Evaluation of cytogenetic response was based on routine cytogenetic studies. Cytogenetic studies were performed every 3 months in the first year and every 3–6 months thereafter. Pretreatment additional chromosomal abnormalities referred to the presence of cytogenetic abnormalities other than Ph (excluding Ph variants, complex Ph translocations, and loss of chromosome Y). Response rates were computed on an intention-to-treated basis. Survival was analyzed from the date therapy started until death from any cause. Differences in survival curves were compared using the log-rank test. Statistical methods and multivariate analysis studies were conducted as described previously.13, 15 Multivariate analyses used the logistic regression model for response and the Cox proportional hazards model for survival. Variables that demonstrated significant differences in the univariate analysis (P < 0.05) were included in the multivariate analyses.

RESULTS

  1. Top of page
  2. Abstract
  3. MATERIALS AND METHODS
  4. RESULTS
  5. DISCUSSION
  6. REFERENCES

A total of 747 patients with CML were analyzed: 187 patients in early chronic phase, 351 patients in chronic phase after IFN failure, 133 patients in accelerated phase, and 76 patients in blastic phase (Table 1). We chose the cut-off age of 60 years in subsequent analyses for several reasons: 1) this was the cut-off age that was identified as prognostically relevant in previous multivariate analysis studies of CML prognosis at our institution; 2) these patients mostly are ineligible for allogeneic SCT and are offered non-SCT approaches to improve their prognosis; and 3) they have historically tolerated IFN therapy poorly9 and/or were not offered IFN therapy, hence, it is not known whether their poor prognosis is related to a different intrinsic disease biology or to ineffective, poorly tolerated therapy.

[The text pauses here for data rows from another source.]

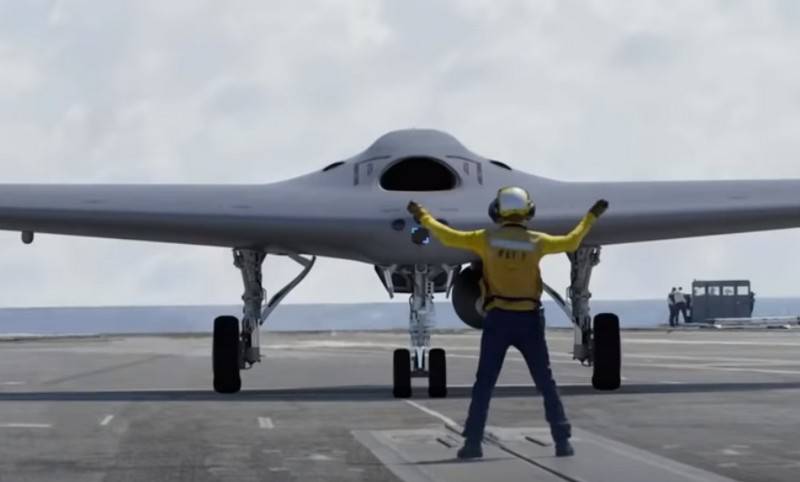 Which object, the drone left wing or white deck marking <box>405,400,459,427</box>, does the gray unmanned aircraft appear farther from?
white deck marking <box>405,400,459,427</box>

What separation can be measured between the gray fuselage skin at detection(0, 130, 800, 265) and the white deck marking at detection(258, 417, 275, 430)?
3.52 metres

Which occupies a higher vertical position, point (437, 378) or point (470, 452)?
point (437, 378)

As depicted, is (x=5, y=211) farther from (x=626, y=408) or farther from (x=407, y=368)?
(x=626, y=408)

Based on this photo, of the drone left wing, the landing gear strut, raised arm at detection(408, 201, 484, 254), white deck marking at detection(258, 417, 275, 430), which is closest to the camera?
raised arm at detection(408, 201, 484, 254)

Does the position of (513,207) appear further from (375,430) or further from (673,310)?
(673,310)

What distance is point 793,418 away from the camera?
45.8 feet

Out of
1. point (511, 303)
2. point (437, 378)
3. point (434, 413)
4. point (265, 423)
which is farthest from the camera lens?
point (437, 378)

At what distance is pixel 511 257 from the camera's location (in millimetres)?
10766

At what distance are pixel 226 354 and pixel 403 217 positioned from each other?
3.21 meters

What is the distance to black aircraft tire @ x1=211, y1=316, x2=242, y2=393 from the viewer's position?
18266 millimetres

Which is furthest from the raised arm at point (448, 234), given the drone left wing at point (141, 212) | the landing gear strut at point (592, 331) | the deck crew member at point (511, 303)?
the landing gear strut at point (592, 331)

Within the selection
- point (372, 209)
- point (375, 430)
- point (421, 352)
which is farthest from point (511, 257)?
point (421, 352)

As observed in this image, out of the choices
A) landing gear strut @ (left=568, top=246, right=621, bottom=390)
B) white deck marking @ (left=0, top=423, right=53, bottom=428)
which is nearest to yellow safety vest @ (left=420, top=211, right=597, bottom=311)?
white deck marking @ (left=0, top=423, right=53, bottom=428)

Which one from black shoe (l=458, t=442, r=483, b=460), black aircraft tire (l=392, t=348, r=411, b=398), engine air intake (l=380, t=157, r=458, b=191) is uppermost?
engine air intake (l=380, t=157, r=458, b=191) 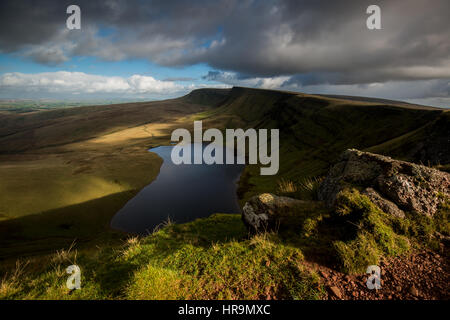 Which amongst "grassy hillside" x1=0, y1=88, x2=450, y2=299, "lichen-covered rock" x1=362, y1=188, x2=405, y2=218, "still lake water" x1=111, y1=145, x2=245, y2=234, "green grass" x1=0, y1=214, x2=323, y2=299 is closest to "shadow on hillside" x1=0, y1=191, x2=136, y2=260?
"grassy hillside" x1=0, y1=88, x2=450, y2=299

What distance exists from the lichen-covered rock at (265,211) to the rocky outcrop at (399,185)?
1902 mm

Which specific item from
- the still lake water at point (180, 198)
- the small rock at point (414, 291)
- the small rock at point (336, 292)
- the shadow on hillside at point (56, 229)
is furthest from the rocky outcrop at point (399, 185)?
the shadow on hillside at point (56, 229)

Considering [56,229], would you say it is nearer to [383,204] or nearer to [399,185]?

Table 1. Patient Accrual on Different Chronic Myelogenous Leukemia Trials (n = 747 patients)
CML phase/protocolNo. of patients
  • CML: chronic myelogenous leukemia; IFN: interferon α FDA: Food and Drug Administration.

  • a

    These patients had newly diagnosed chronic myelogenous leukemia (n = 14 patients) or chronic phase post-IFN failure (n = 91 patients) but were categorized in accelerated phase based on the looser definition of accelerated phase in the study (Novartis 113), which included spelenomegaly > 10 cm below the costal margin, pretreatment additional chromosomal abnormalities only other than Philadelphia chromosome (Ph) abnormalities (but excluding Ph variants, complex Ph translocations, and loss of chromosome Y), or the presence of ≥ 10% blasts (see Kantarjian et al.16).

  • b

    One patient who was treated on the accelerated phase study was reclassified in blastic phase.

Early chronic phase 
 DM01-015 (imatinib 400 mg)50
 DM01-151 (imatinib 800 mg)100
 DM01-163 (imatinib 400 mg) (Novartis 106)23
 Expanded access (Novartis 113)a14
Chronic phase post-IFN failure 
 FDA pivotal (Novartis 109)149
 Expanded access (Novartis 110)111
 Expanded access (Novartis 113)a91
Accelerated phase 
 FDA pivotal (Novartis 109)59
 Expanded access (Novartis 113)74
Blastic phase 
 FDA pivotal (Novartis 102)13
 Expanded access (Novartis 115)33
 Phase I study (Novartis 001)29
 Expanded access (Novartis 113)b1

Early Chronic Phase CML

One hundred eighty-seven patients were treated for early chronic phase CML: Seventy-three patients received imatinib at a dose of 400 mg daily, 14 patients received 600 mg daily, and 100 patients received 800 mg daily. Forty-nine patients (26%) were age 60 years or older. The characteristics of patients in the two age groups are detailed in Table 2. No significant differences in important clinical or laboratory features were noted, except for splenomegaly, which was more frequent in younger patients (P < 0.05). Older patients represented 18 of 73 patients (25%) who received imatinib at a dose of 400 mg daily and 31 of 114 patients (27%) who received imatinib at a dose of 600–800 mg daily. Response to imatinib therapy was similar in younger and older patients (Table 3). With a median follow-up of 16 months (range, 2–30 months), 7 patients have transformed to accelerated or blastic phases (2 of 49 patients age 60 years or older [1 patient in accelerated phase and 1 patient in blastic] vs. 5 of 138 patients younger than 60 years [3 patients in accelerated phase and 2 patients in blastic phase]), and only 3 of 187 patients have died (1 patient died after developing complications of graft-versus-host disease, 1 patient died a natural death from old age, and 1 patient died from blastic phase complications).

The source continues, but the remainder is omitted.